So far, in 2021 alone, Poets.org has seen a historic spike in traffic, with more than 1 million additional pageviews. That increase in traffic to the website is, in part, attributed to the success of Amanda Gorman at January’s presidential inauguration, and the attention she brought to the art form, a spokesperson for the academy said.
In this way, poetry’s increasing accessibility and visibility have worked hand in hand, leading to rising sales and, naturally, rising interest.
Chantz Erolin, an editor at Graywolf Press — an independent publisher in Minneapolis whose repertory includes works by poets like Jane Kenyon, Tracy K. Smith and Danez Smith — has also noted the “current excitement for contemporary poetry,” calling it “thrilling.”

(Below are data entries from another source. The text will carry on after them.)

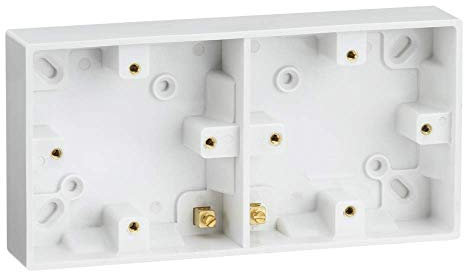 Knightsbridge White Square edge Plastic Dual 25mm Pattress Box with Earth Terminal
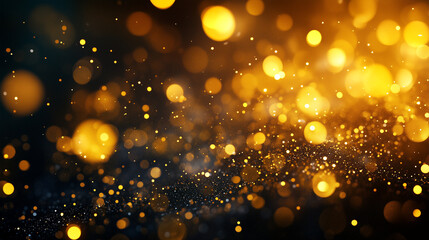 Abstract gold bokeh lights on a dark background for festive designs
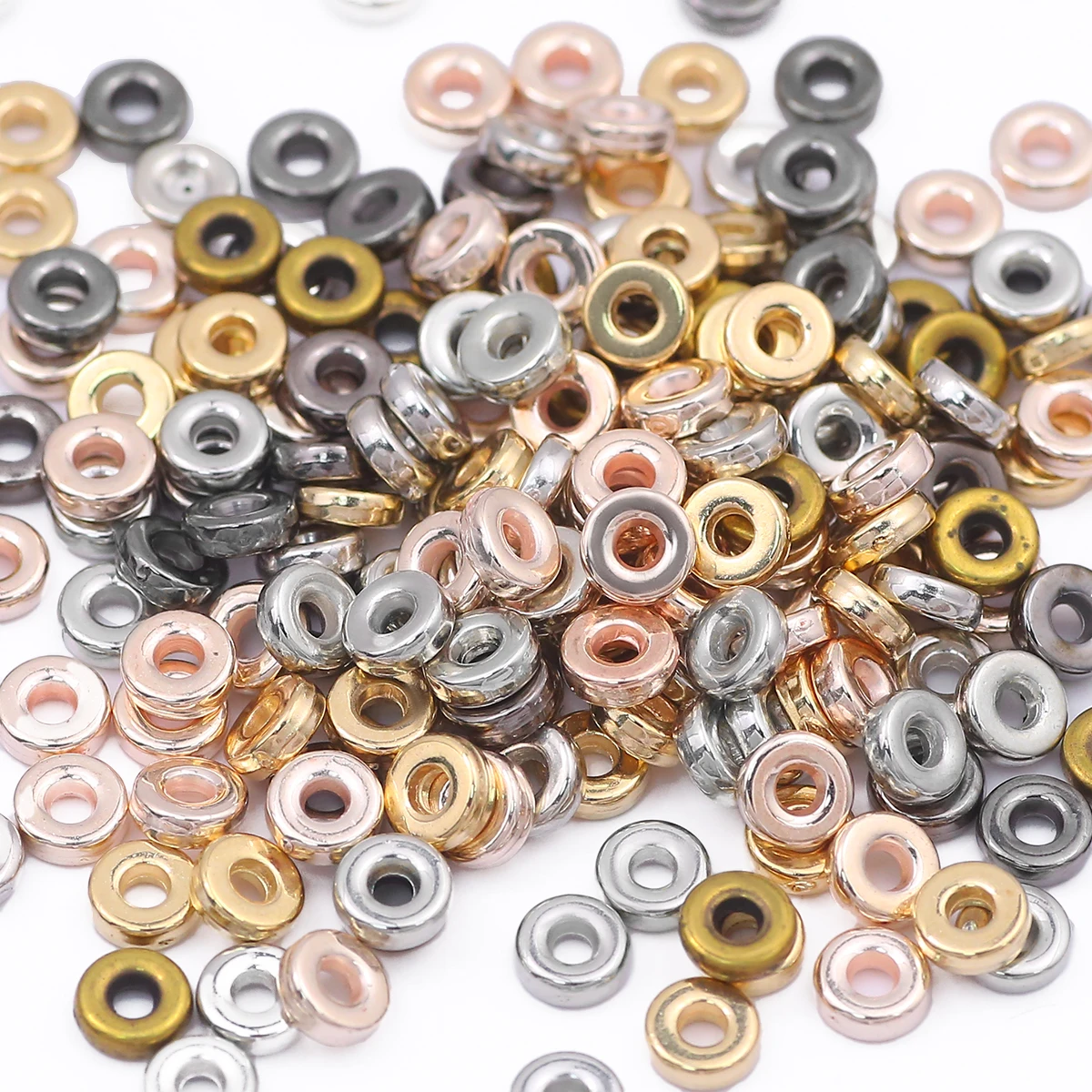 100/200/500Pcs/lot 2*6mm Electroplated CCB Spacer Beads Flat Round Loose Big Hole Beads For DIY Jewelry Making  Accessories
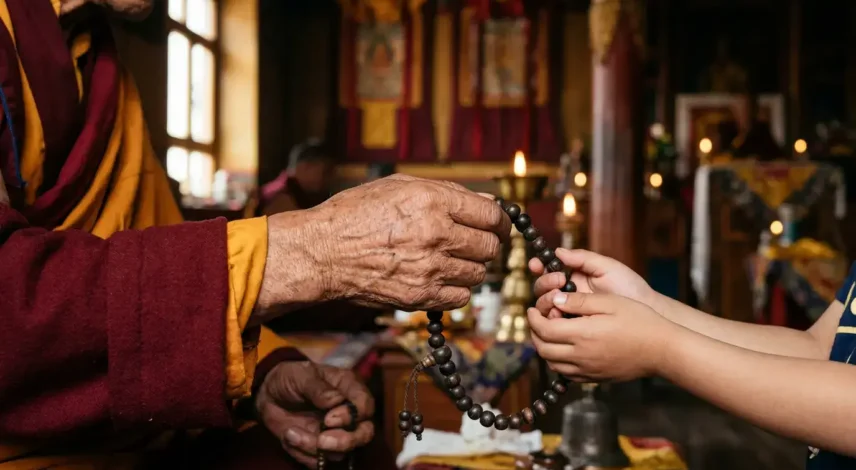 reincarnated-lamas-tulku-mala-passed-to-child.webp An elderly monk's hands passing a wooden 108-bead mala to a child, symbolizing the tulku tradition of reincarnated lamas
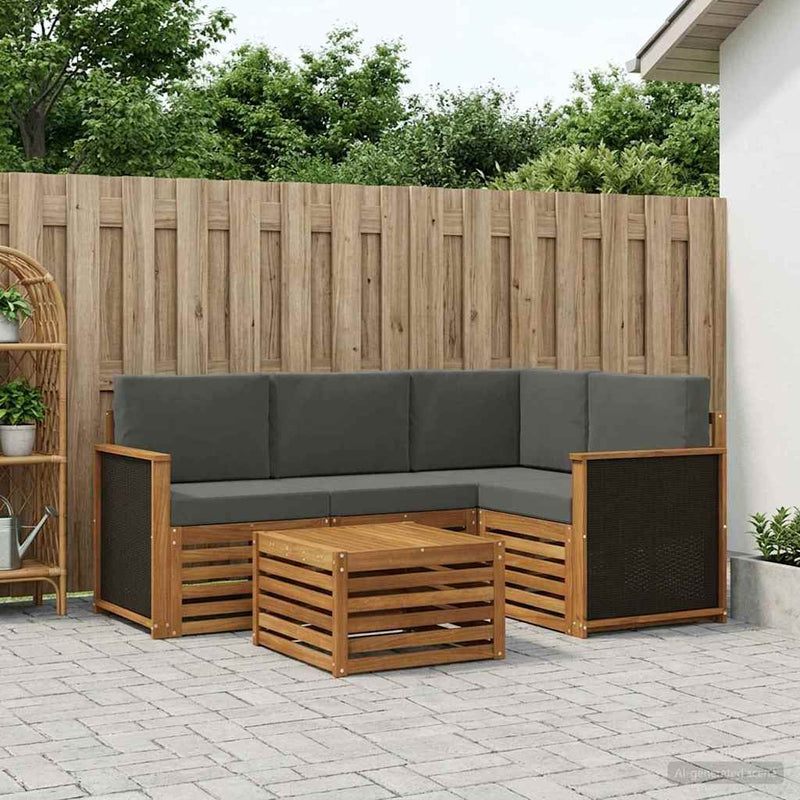 Set de canapele de exterior 5 buc. Natural și Antracit
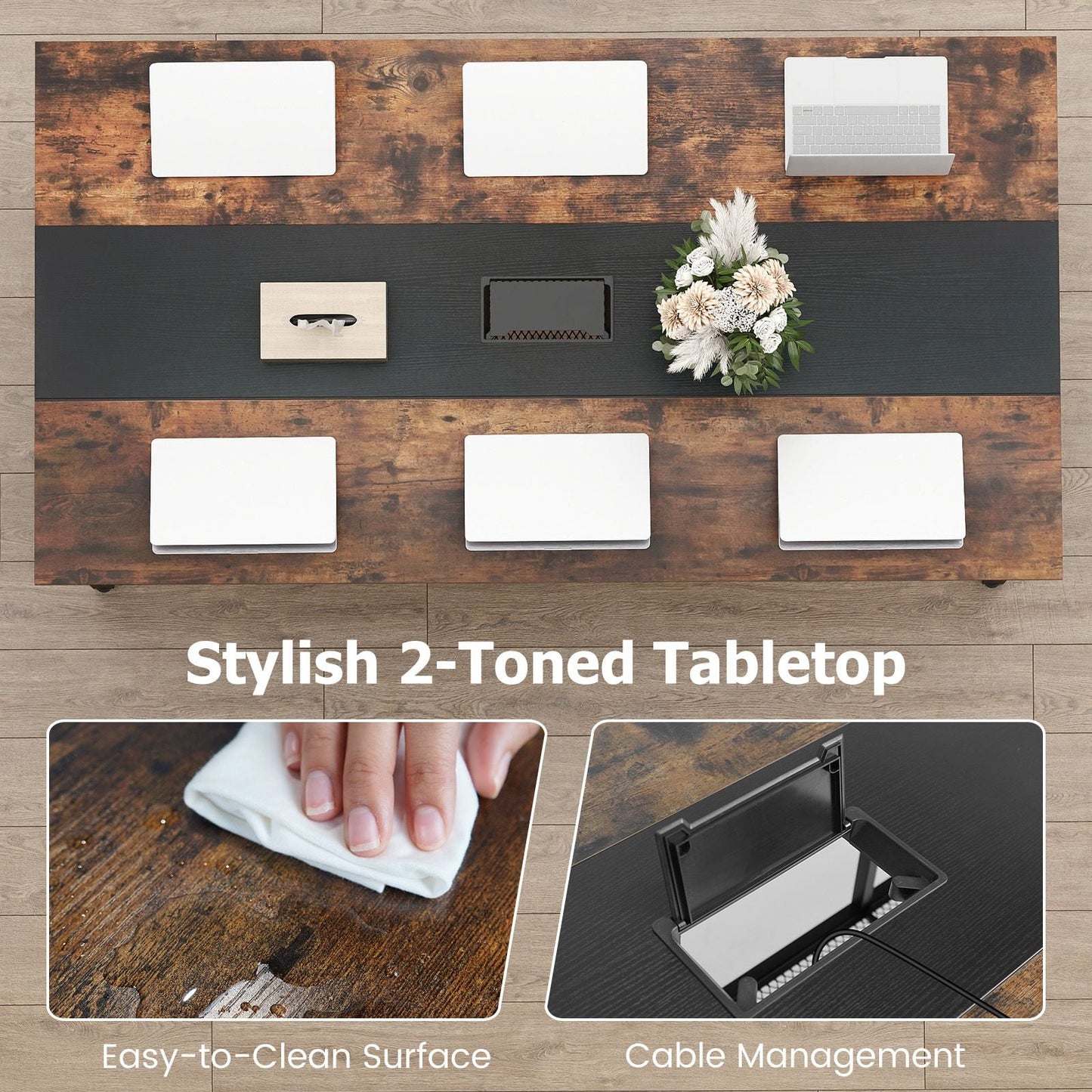 180 CM Conference Table Large Meeting Table for 6-8 People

“The poetry landscape is vast and varied, and the increasing frequency (and visibility) of breakout collections has not only meant an increase in sales, but in more robust opportunities for engagement with poets and the press,” he said.
Though the number of poetry collections Graywolf publishes has remained rather steady, when it last accepted submissions for a single month in 2016, the press received over 4,000 manuscripts, Erolin said.
“It is an amazing time to be alive in the world of poetry,” Limón said. “I really feel that way.”
And though some scholars may argue that the true golden age of poetry was a long-ago era, Limón has a different point of view: The golden age of poetry, she said, is this moment — right now.